Is this the future of life with VR?” asks the NFB’s head of digital, Loc Dao on Twitter. It’s certainly the dominant view from the Sundance New Frontier lab, as pictures of be-goggled guests flying like birds and walking through woods appear online – “All approaches are different, you can almost see how their craft is informing their approach to this technology.” said Sundance programmer Shari Frilot.
VR technology is rapidly advancing in a number of ways, providing a new platform for storytelling and a new way to tell stories. Whilst it’s hard to keep up with where we are – let alone with where we’re going – these articles go some way to address the important questions that are arising from the New Frontier lab.

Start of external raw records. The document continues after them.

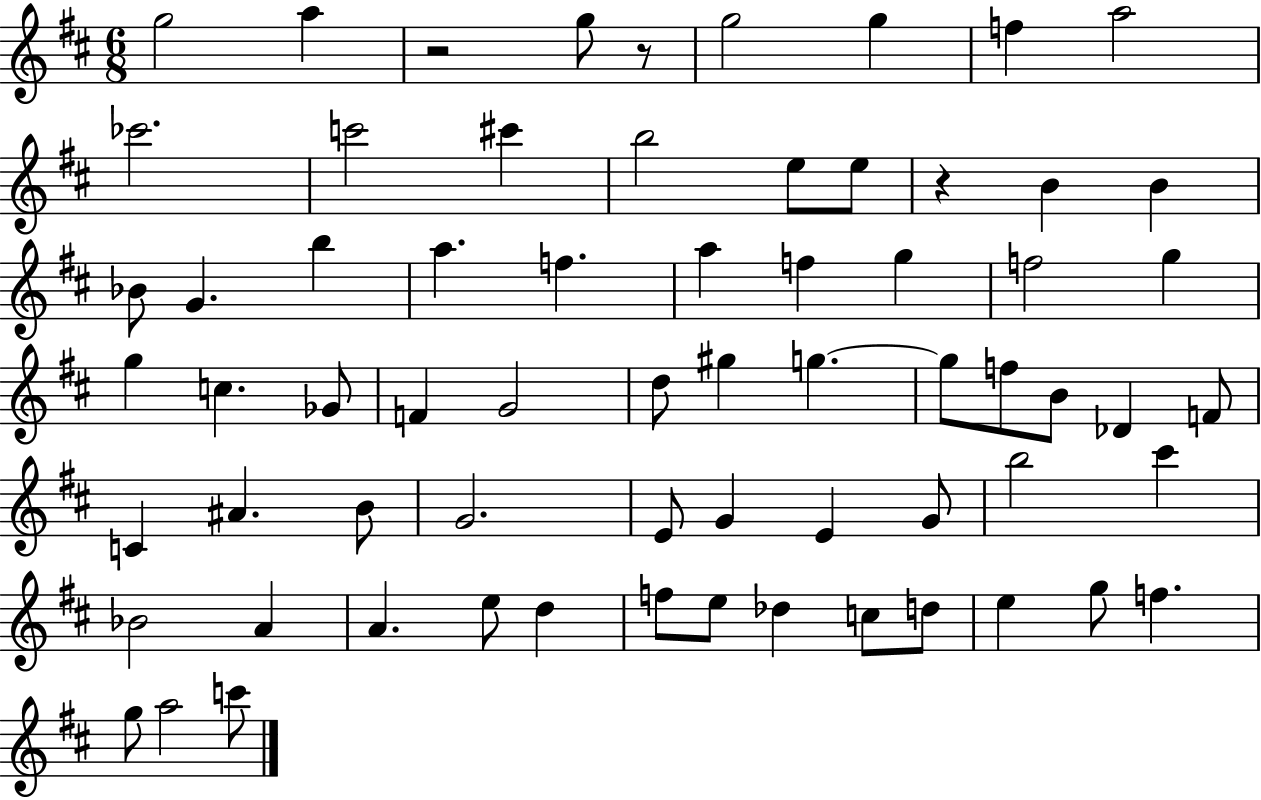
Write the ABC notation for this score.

X:1
T:Untitled
M:6/8
L:1/4
K:D
g2 a z2 g/2 z/2 g2 g f a2 _c'2 c'2 ^c' b2 e/2 e/2 z B B _B/2 G b a f a f g f2 g g c _G/2 F G2 d/2 ^g g g/2 f/2 B/2 _D F/2 C ^A B/2 G2 E/2 G E G/2 b2 ^c' _B2 A A e/2 d f/2 e/2 _d c/2 d/2 e g/2 f g/2 a2 c'/2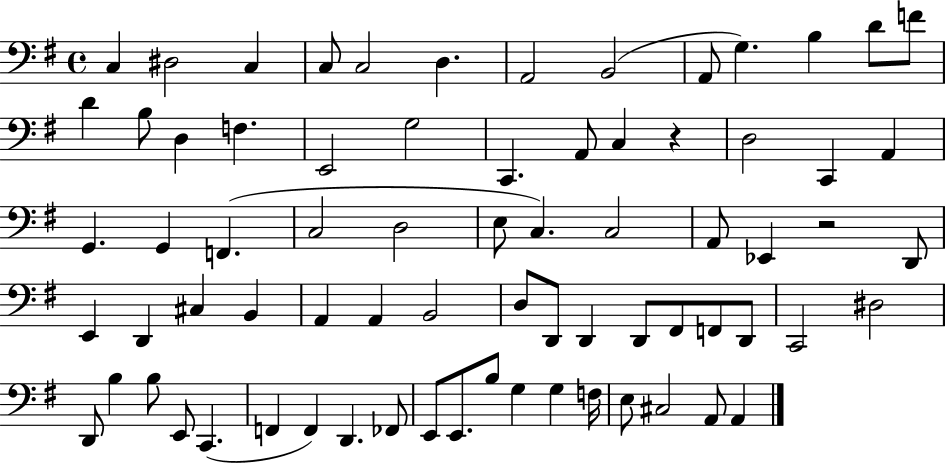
{
  \clef bass
  \time 4/4
  \defaultTimeSignature
  \key g \major
  c4 dis2 c4 | c8 c2 d4. | a,2 b,2( | a,8 g4.) b4 d'8 f'8 | \break d'4 b8 d4 f4. | e,2 g2 | c,4. a,8 c4 r4 | d2 c,4 a,4 | \break g,4. g,4 f,4.( | c2 d2 | e8 c4.) c2 | a,8 ees,4 r2 d,8 | \break e,4 d,4 cis4 b,4 | a,4 a,4 b,2 | d8 d,8 d,4 d,8 fis,8 f,8 d,8 | c,2 dis2 | \break d,8 b4 b8 e,8 c,4.( | f,4 f,4) d,4. fes,8 | e,8 e,8. b8 g4 g4 f16 | e8 cis2 a,8 a,4 | \break \bar "|."
}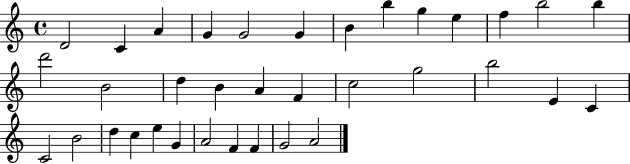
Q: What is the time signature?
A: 4/4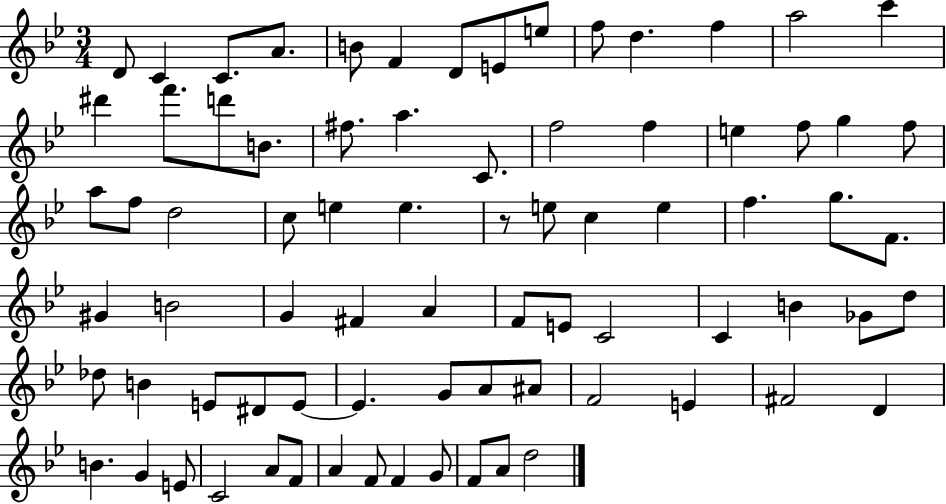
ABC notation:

X:1
T:Untitled
M:3/4
L:1/4
K:Bb
D/2 C C/2 A/2 B/2 F D/2 E/2 e/2 f/2 d f a2 c' ^d' f'/2 d'/2 B/2 ^f/2 a C/2 f2 f e f/2 g f/2 a/2 f/2 d2 c/2 e e z/2 e/2 c e f g/2 F/2 ^G B2 G ^F A F/2 E/2 C2 C B _G/2 d/2 _d/2 B E/2 ^D/2 E/2 E G/2 A/2 ^A/2 F2 E ^F2 D B G E/2 C2 A/2 F/2 A F/2 F G/2 F/2 A/2 d2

Although the future is uncertain, one thing’s for sure – this is going to be an exciting year for VR.
— Loc Dao (@locdao) January 25, 2015
How real are these virtual experiences? Although the range on offer at Sundance are varied – from Oscar Raby’s chilling Assent, to the experiential essay Zero Point- they are all trying to do the same thing; transport you somewhere else, to experience something different and often very real.

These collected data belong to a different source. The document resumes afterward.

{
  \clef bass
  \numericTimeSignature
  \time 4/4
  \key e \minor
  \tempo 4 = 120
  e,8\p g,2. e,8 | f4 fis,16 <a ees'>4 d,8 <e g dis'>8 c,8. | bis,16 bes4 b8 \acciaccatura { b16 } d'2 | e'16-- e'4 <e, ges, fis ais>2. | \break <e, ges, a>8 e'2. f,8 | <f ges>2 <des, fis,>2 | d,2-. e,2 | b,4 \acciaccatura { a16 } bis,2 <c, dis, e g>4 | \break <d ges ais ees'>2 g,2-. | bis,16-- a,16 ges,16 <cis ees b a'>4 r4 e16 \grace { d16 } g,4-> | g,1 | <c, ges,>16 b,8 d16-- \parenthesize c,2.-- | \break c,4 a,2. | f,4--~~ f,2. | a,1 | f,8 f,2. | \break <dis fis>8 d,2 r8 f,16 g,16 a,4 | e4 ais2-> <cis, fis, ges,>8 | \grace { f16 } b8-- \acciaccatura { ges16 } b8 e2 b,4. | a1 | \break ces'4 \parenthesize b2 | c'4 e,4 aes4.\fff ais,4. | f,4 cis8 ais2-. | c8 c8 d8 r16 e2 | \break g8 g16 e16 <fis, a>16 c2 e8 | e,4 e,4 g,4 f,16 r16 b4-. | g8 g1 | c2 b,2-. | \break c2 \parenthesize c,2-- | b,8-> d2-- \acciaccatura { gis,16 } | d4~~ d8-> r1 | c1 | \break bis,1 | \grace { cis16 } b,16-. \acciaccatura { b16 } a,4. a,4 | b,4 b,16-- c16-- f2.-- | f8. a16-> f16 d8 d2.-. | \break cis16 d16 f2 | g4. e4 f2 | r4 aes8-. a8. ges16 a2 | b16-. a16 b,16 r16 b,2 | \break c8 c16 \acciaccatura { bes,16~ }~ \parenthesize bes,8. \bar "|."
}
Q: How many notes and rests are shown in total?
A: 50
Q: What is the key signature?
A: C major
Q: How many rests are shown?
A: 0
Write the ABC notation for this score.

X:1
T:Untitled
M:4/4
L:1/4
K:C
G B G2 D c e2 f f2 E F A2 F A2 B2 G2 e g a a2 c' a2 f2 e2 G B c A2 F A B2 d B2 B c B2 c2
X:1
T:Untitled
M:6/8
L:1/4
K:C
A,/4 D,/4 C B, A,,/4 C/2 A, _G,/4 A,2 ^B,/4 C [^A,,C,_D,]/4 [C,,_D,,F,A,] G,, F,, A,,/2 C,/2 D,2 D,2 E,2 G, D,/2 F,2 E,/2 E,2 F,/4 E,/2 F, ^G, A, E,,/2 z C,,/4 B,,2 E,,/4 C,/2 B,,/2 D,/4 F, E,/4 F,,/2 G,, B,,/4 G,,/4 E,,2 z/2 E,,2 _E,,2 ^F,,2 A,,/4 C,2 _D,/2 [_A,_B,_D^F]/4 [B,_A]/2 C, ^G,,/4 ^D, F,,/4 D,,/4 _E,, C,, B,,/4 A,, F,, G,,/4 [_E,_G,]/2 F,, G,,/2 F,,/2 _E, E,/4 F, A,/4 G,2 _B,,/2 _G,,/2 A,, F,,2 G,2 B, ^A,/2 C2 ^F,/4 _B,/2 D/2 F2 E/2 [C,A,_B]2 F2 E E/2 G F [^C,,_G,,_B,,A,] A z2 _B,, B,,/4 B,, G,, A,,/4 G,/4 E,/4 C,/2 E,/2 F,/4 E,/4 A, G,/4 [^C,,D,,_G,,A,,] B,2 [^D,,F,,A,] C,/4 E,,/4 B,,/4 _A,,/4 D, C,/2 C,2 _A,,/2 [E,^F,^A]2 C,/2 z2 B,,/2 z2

Writing for the Sundance blog, Eric Hynes posits the question: how do I reconcile that flinch, the physical memory of having been somewhere I actually wasn’t?

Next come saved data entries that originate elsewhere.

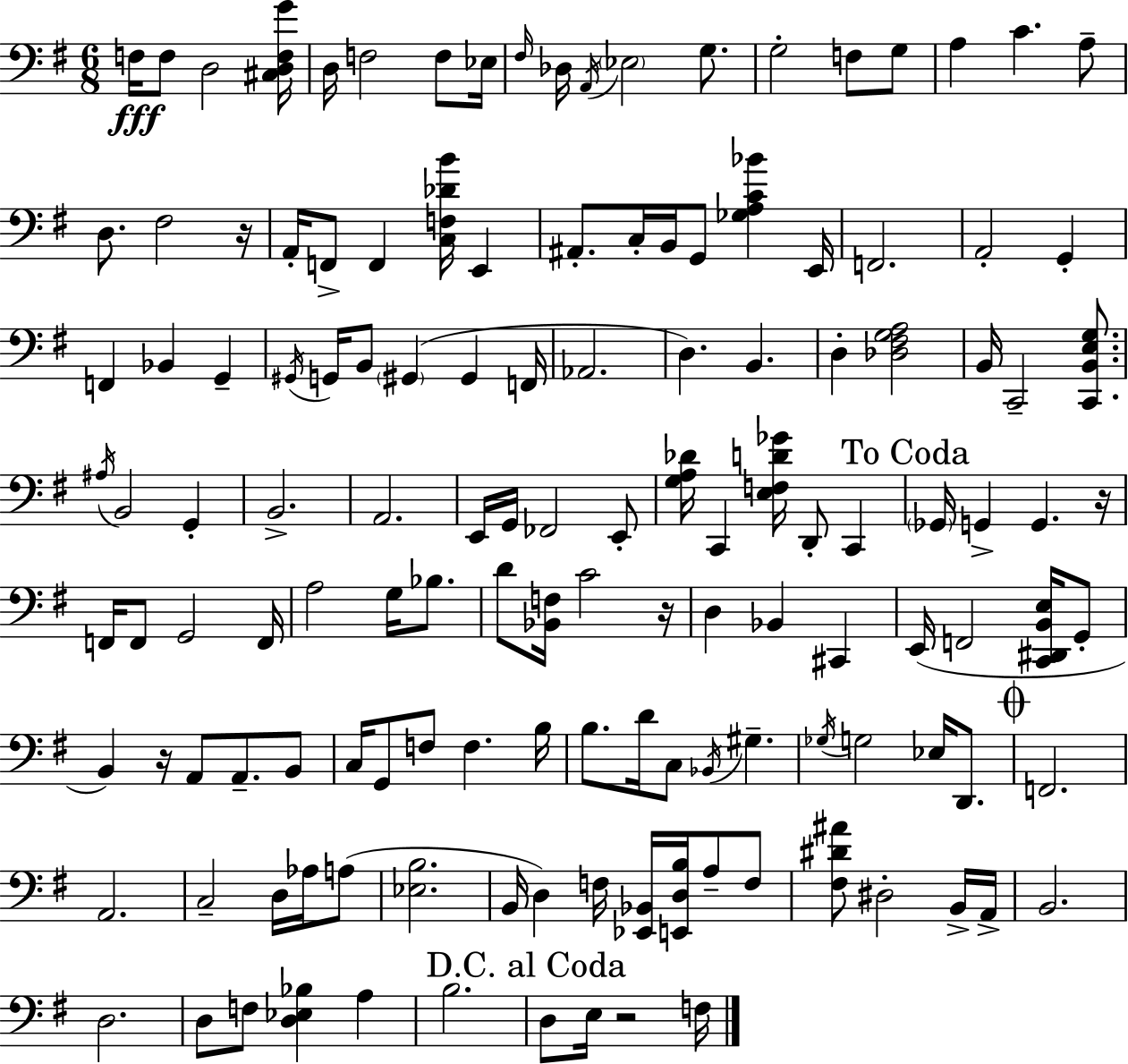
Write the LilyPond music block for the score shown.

{
  \clef bass
  \numericTimeSignature
  \time 6/8
  \key g \major
  f16\fff f8 d2 <cis d f g'>16 | d16 f2 f8 ees16 | \grace { fis16 } des16 \acciaccatura { a,16 } \parenthesize ees2 g8. | g2-. f8 | \break g8 a4 c'4. | a8-- d8. fis2 | r16 a,16-. f,8-> f,4 <c f des' b'>16 e,4 | ais,8.-. c16-. b,16 g,8 <ges a c' bes'>4 | \break e,16 f,2. | a,2-. g,4-. | f,4 bes,4 g,4-- | \acciaccatura { gis,16 } g,16 b,8 \parenthesize gis,4( gis,4 | \break f,16 aes,2. | d4.) b,4. | d4-. <des fis g a>2 | b,16 c,2-- | \break <c, b, e g>8. \acciaccatura { ais16 } b,2 | g,4-. b,2.-> | a,2. | e,16 g,16 fes,2 | \break e,8-. <g a des'>16 c,4 <e f d' ges'>16 d,8-. | c,4 \mark "To Coda" \parenthesize ges,16 g,4-> g,4. | r16 f,16 f,8 g,2 | f,16 a2 | \break g16 bes8. d'8 <bes, f>16 c'2 | r16 d4 bes,4 | cis,4 e,16( f,2 | <c, dis, b, e>16 g,8-. b,4) r16 a,8 a,8.-- | \break b,8 c16 g,8 f8 f4. | b16 b8. d'16 c8 \acciaccatura { bes,16 } gis4.-- | \acciaccatura { ges16 } g2 | ees16 d,8. \mark \markup { \musicglyph "scripts.coda" } f,2. | \break a,2. | c2-- | d16 aes16 a8( <ees b>2. | b,16 d4) f16 | \break <ees, bes,>16 <e, d b>16 a8-- f8 <fis dis' ais'>8 dis2-. | b,16-> a,16-> b,2. | d2. | d8 f8 <d ees bes>4 | \break a4 b2. | \mark "D.C. al Coda" d8 e16 r2 | f16 \bar "|."
}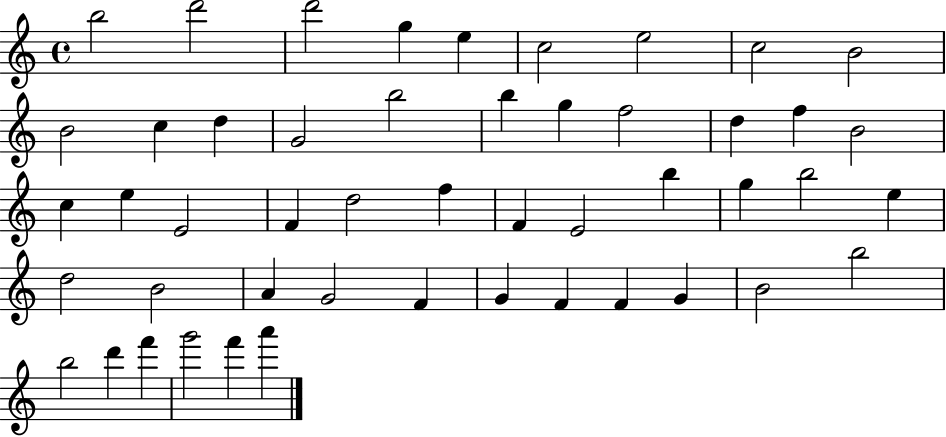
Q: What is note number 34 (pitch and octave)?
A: B4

Nonny’s name has been synonymous with VR since she first exhibited Hunger in LA at Sundance in 2012. Since then she has been a regular on the festival circuit, bringing her immersive journalism pieces to audiences everywhere and not always received favourably: “I had colleagues literally pointing their finger at me and saying, ‘You can’t do that. That doesn’t work. It’s not ethical. It’s too subjective.”
In this interview, Nonny discusses the changes in the field over the last couple of years and looks at where her company the Emblematic Group, who are already working with The Guardian, BBC and Al-Jazeera, might take VR journalism in the future.
Long form piece from Buzzfeed that delves into one of the virtual reality experiences on offer at Sundance this year. Perspective; Chapter I: The Party is a fictitious account of a sexual assault from a college party, from both the female and male perspective. This scenario, though fake, has it’s feet rooted firmly in reality – mirroring the narrative from a number of campus assault stories that have been in the press recently.
As well as speaking to the creators, Rose Troche and Morris May, the journalists also go into great depth about their own experience of the The Party – spoiler alert if you’re planning on seeing this any time soon, but a must-read if you’re not.
Virtual reality through the Oculus Rift offers a platform that your viewers can’t look away from – this piece takes that concept to another, fairly uncomfortable, level.
“It is not meant for us for titillation. It is meant for real immersion into a story or culture,” he said. “We’re interested in ideas and emotions and not roller-coaster rides.” – Vice’s chief creative officer Eddy Moretti spells out the immediate future between VR and Vice, and it doesn’t involve Bird.ly style simulations. Their collaboration with Chris Milk and Spike Jonze caught everyones attention at Sundance, with the ‘future of journalism’ tag being re-announced. This eight minute virtual reality experience transports viewers to the centre of the Millions March protest in New York – an experience that is available on both Oculus Rift at Sundance, and also through Milk’s VR app Vrse – which can be downloaded for free.
This exploration into VR journalism is exciting (yet potentially unnerving) and is moving forwards quickly – tech company Jaunt are working on real-time VR news production, Hong Kong Unrest, an immersive documentary on the pro-democracy protests, launched and this week Microsoft announced their HoloLens prototype.